Enumerate informational needs of management.
'Accounting information should be comparable'. Do you agree with this statement? Give two reasons.
Giving examples, explain each of the following accounting terms:
* Fixed assets * Revenue * Expenses
* Gain * Profit * Capital
* Short-term liabilities
Distinguish between debtors and creditors.
Name any two types of commonly used negotiable instruments.
Why is it necessary to record the adjusting entries in the preparation of final accounts?
State the meaning of incomplete records?
What is ‘Depreciation’?
Briefly state how the cash book is both journal and a ledger.
State the meaning of a trial balance?
State the four basic requirements of a database applications.
State the different elements of a computer system.
Why is it necessary for accountants to assume that business entity will remain a going concern?
State the need for the preparation of bank reconciliation statement?
What is meant by Grouping and Marshalling of assets and liabilities. Explain the ways in which a balance sheet may be marshalled.
The journal entry to record payment of monthly bill will include:
(a) Debit monthly bill and Credit capital.

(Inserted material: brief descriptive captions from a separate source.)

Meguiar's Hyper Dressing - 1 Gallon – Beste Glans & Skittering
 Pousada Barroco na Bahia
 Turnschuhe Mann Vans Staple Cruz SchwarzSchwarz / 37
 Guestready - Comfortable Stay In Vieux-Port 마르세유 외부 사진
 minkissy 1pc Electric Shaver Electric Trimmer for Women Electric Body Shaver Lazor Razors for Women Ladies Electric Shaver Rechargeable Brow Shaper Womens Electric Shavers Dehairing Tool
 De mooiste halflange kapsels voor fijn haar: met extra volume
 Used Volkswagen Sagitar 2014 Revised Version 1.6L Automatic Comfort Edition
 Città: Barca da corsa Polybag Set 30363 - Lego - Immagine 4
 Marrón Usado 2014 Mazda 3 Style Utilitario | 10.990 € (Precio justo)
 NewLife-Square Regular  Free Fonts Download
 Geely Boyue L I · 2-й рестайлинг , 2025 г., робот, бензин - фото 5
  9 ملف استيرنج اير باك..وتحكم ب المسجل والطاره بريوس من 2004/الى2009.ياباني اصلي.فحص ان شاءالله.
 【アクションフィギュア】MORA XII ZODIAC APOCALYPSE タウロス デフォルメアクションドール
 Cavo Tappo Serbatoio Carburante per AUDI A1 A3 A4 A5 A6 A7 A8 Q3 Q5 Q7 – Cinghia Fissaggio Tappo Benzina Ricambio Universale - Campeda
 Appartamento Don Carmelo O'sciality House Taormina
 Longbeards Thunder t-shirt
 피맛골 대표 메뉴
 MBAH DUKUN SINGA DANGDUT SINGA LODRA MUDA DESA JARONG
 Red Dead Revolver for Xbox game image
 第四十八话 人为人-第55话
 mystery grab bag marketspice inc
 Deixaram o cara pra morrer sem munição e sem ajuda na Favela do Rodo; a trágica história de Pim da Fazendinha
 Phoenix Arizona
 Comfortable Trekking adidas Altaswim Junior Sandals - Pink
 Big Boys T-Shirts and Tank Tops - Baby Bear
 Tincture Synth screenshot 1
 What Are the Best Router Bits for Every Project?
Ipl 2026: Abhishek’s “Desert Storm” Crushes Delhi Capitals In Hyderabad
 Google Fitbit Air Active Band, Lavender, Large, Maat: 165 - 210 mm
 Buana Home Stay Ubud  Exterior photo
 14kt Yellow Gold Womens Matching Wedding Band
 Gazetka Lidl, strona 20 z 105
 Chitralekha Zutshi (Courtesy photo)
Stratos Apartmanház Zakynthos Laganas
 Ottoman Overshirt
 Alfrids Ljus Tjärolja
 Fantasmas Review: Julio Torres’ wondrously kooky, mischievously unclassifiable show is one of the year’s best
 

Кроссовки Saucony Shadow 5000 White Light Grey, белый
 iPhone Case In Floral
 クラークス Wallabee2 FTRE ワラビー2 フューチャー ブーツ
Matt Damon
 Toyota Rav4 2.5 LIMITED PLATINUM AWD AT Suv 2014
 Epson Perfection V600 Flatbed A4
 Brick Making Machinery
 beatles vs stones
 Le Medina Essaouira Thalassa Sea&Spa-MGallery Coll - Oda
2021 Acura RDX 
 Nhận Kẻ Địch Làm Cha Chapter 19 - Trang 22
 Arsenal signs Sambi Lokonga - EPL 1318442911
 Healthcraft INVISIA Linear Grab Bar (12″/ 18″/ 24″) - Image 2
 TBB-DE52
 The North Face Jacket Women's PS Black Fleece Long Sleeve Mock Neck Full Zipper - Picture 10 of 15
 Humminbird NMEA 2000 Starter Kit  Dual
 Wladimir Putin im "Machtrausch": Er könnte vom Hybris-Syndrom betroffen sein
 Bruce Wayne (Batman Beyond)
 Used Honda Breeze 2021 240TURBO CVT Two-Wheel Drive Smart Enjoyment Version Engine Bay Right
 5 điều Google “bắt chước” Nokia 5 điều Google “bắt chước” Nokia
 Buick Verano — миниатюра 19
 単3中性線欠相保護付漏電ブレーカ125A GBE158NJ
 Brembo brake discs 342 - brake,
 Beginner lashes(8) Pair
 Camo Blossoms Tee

(b) Debit capital and Credit cash.
(c) Debit monthly bill and Credit cash.
(d) Debit monthly bill and Credit creditors.
Double entry accounting requires that :
(i) All transactions that create debits to asset accounts must create credits to liability or capital accounts;
(ii) A transaction that requires a debit to a liability account require a credit to an asset account;
(iii) Every transaction must be recorded with equal debits equal total credits.
Explain errors of principle and give two examples with measures to rectify them.
Should a transaction be first recorded in a journal or ledger? Why?
As an accountant of a company, you are disappointed to learn that the totals in your new trial balance are not equal. After going through a careful analysis, you have discovered only one error. Specifically, the balance of the Office Equipment account has a debit balance of 15,600 on the trial balance. However, you have figured out that a correctly recorded credit purchase of pendrive for 3,500 was posted from the journal to the ledger with a 3,500 debit to Office Equipment and another 3,500 debit to creditors accounts. Answer each of the following questions and present the amount of any misstatement :
(a) Is the balance of the office equipment account overstated, understated, or correctly stated in the trial balance?
(b) Is the balance of the creditors account overstated, understated, or correctly stated in the trial balance?
(c) Is the debit column total of the trial balance overstated, understated, or correclty stated?
(d) Is the credit column total of the trial balance overstated, understated, or correctly stated?
(e) If the debit column total of the trial balance is 2,40,000 before correcting the error, what is the total of credit column.
Fill in the blanks:
1. Issued a cheque for ₹8,000 to pay rent. The account to be debited is ............
2. Collected ₹35,000 from debtors. The account to be credited is ............
3. Purchased office stationary for ₹18,000. The account to be credited is ...........
4. Purchased new machine for ₹1,70,000 and issued cheque for the same.
The account to be debited is ............
5. Issued cheque for ₹70,000 to pay off on of the creditors. The account to be debited is ............
6. Returned damaged office stationary and received ₹50,000. The account to be credited is ............
7. Provided services for ₹65,000 on credit. The account to be debited is ...........
Briefly state how the cash book is both journal and a ledger.
What is the purpose of preparing trading and profit and loss account?
Define the purpose of maintaining subsidiary journal.